To focus on transcriptional programs for subcategorizing tumor cells, we performed subclustering and trajectory analysis for malignant cell populations. We assigned seven tumor cell subclusters to all the malignant cell populations, namely tumor_CAV1, tumor_ATF3_JUN | FOS, tumor_ZEB2, tumor_VIM, tumor_WSB1, tumor_LXN, and tumor_PGM1 (Fig. 2h, Fig. S2f). The trajectory revealed a transcriptional hierarchy, converging into three discrete tumor subclusters.
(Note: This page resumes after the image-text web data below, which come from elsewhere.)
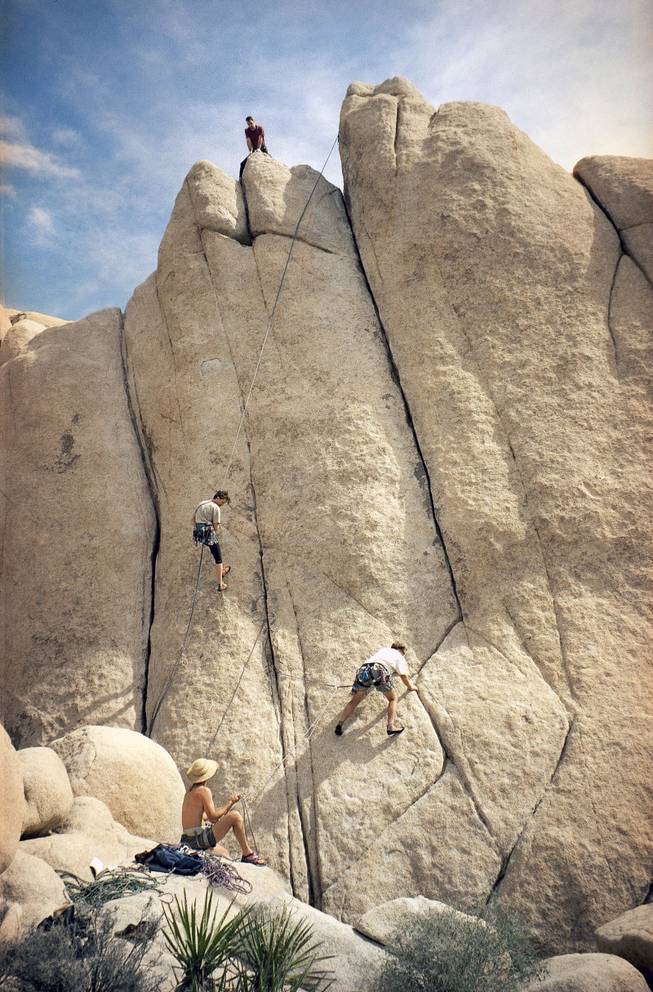 A Swedish climber rappels off one climb, left, as a team of Arizona climbers work on a zigzag crack in Joshua Tree National Park, Calif., Tuesday, April 20, 1999. (AP Photo/Martha Bellisle)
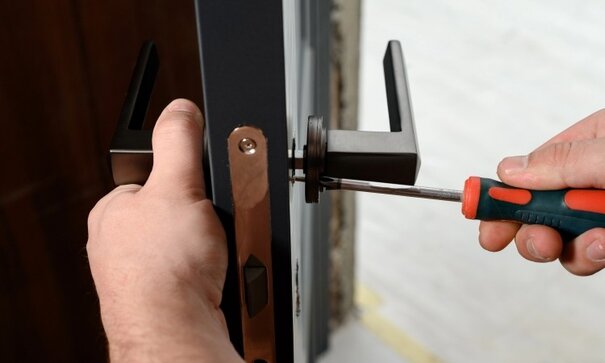 A worker installs a door handle in a door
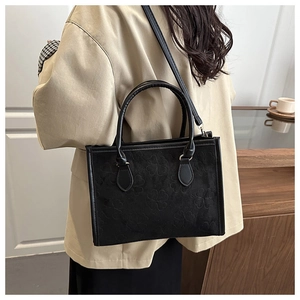 Dettaglio della borsa tote nera con goffratura a quadrifoglio e tracolla alla moda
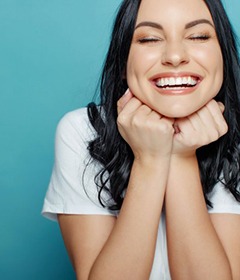 Young woman smiling and enjoying her straight teeth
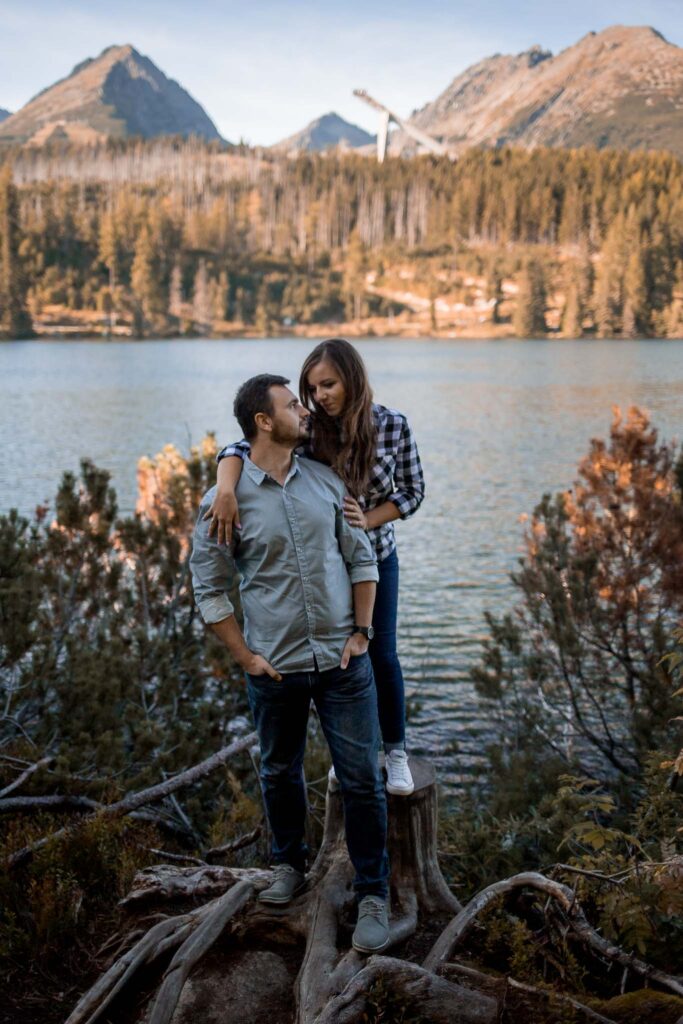 Mąż i żona stojący na pniu przy brzegu jeziora z górami w tle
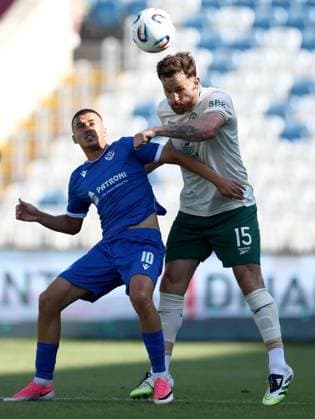 Jack Iredale of Hibernian and Laurent Xhylani of Malisheva Malisheva v Hibernian, UEFA Conference League, 2nd Qualifying Round, 1st Leg, Football, Liman Gegaj Stadium, Malisheva, Kosovo - 23 Jul 2026Malisheva Liman Gegaj Stadium Kosovo United Kingdom  Copyright: xNikolaxKrstic Shutterstockx 16999261aa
One subcluster was highly enriched with gene response to histone deacetylase (HDAC) inhibitors (like ATF3 and CAV1), and another subcluster was highly enriched with inflammatory gene (LXN and PGM1). The subcluster enriched with tumor metastasis-related hypoxia (WSB1) originated from the aforementioned differentiation paths. Sample arrangement along the differentiation trajectory of tumor cells revealed malignancy in patient T0602.
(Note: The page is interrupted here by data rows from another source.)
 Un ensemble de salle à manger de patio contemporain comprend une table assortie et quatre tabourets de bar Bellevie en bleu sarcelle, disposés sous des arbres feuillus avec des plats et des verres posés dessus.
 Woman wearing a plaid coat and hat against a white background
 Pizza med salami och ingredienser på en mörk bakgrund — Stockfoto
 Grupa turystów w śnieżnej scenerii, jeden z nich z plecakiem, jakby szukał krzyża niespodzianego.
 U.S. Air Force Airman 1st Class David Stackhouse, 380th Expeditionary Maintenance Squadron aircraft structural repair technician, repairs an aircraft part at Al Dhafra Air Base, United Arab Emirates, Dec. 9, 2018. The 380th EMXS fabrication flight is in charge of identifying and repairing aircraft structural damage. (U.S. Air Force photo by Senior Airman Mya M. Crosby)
Transcriptional features in a spatial resolution on cryosections from patients with CRC

To examine spatially transcriptional differences within colorectal tissues, we mounted cryosections of unfixed CRC tissues originating from the same CRC patients onto spatially barcoded ST microarray slides to generate unbiased transcriptome maps. After haematoxylin and eosin (H&E) staining and brightfield imaging, we annotated the slides according to the distinct histological features (Fig. 3a). The samples were then processed for ST analysis. We demultiplexed the sequenced reads and identified their spatial location within tissues using the ST location-specific barcodes of the array. For patient T0602, we detected approximately/average 3413 median UMIs and approximately/average 1660 median gene numbers per ST spot for both the tumor tissue section (named CRC5_1) and the normal tissue section (named CRCN5_1).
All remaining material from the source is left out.